Material for this exercise —
★ ★ ★ ★ ★

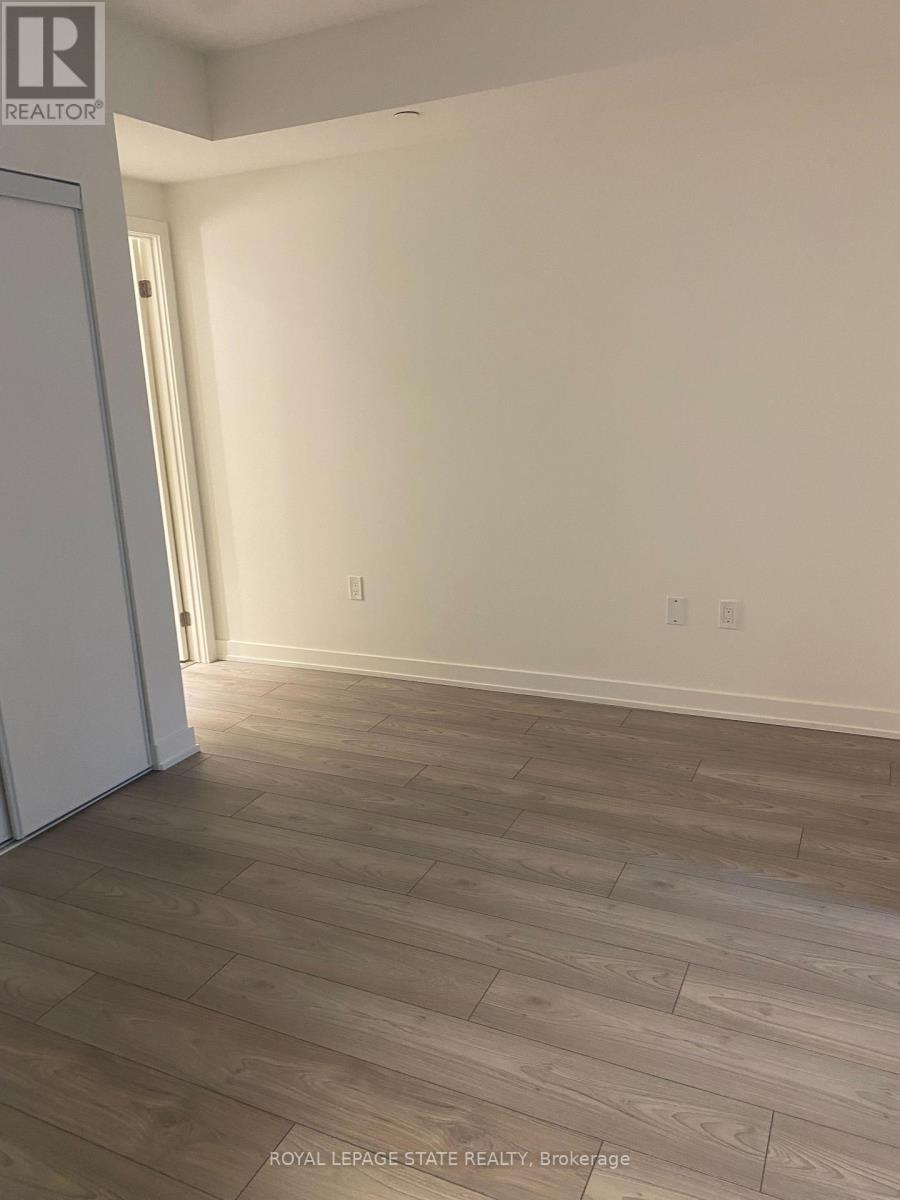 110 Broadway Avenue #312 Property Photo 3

★ ★ ★ ★ ★

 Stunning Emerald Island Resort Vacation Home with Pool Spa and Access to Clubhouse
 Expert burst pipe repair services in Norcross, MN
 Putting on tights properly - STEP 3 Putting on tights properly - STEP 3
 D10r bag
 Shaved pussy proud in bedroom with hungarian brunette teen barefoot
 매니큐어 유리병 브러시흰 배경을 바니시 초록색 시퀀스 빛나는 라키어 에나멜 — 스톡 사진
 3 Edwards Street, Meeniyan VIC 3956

★ ★ ★ ★ ★

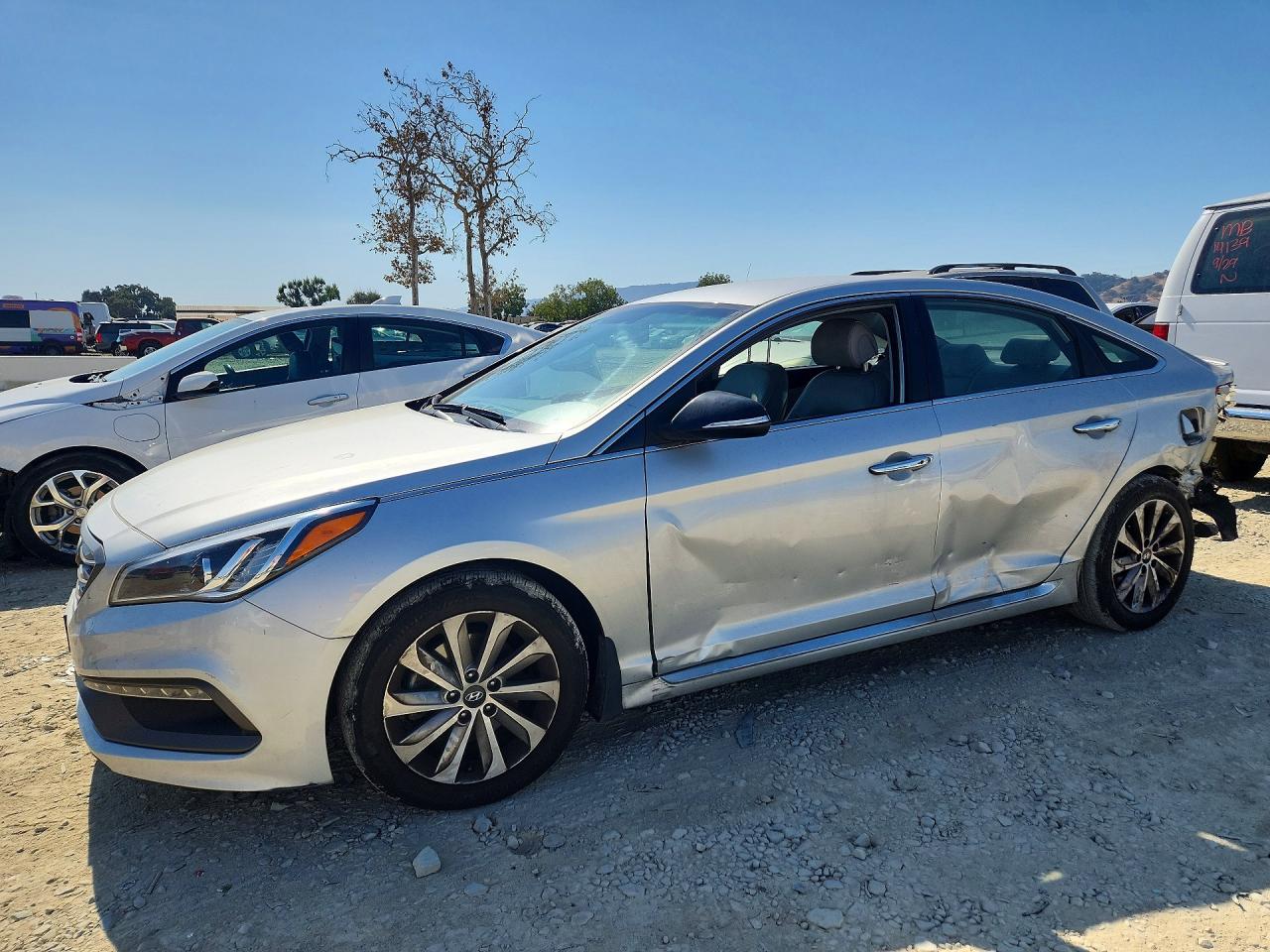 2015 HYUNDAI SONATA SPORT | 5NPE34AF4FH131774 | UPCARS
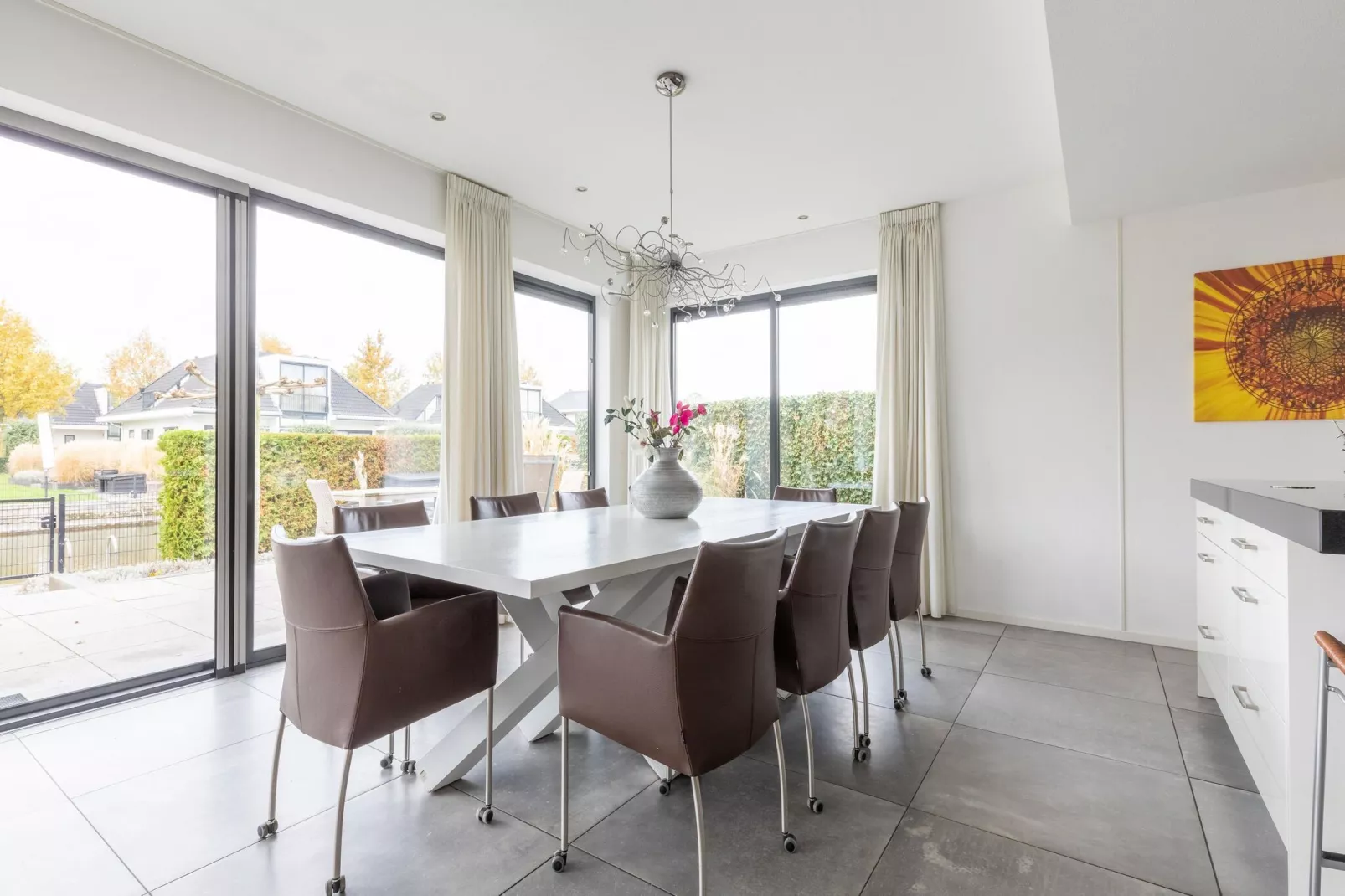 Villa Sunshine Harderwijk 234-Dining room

★ ★ ★ ★ ★

Starting from the line with "2015 HYUNDAI SONATA" in the records above, repeat each line exactly until you have written the line with "Villa Sunshine Harderwijk 234-Dining room", then stop; drop the pictures.

 2015 HYUNDAI SONATA SPORT | 5NPE34AF4FH131774 | UPCARS
 Villa Sunshine Harderwijk 234-Dining room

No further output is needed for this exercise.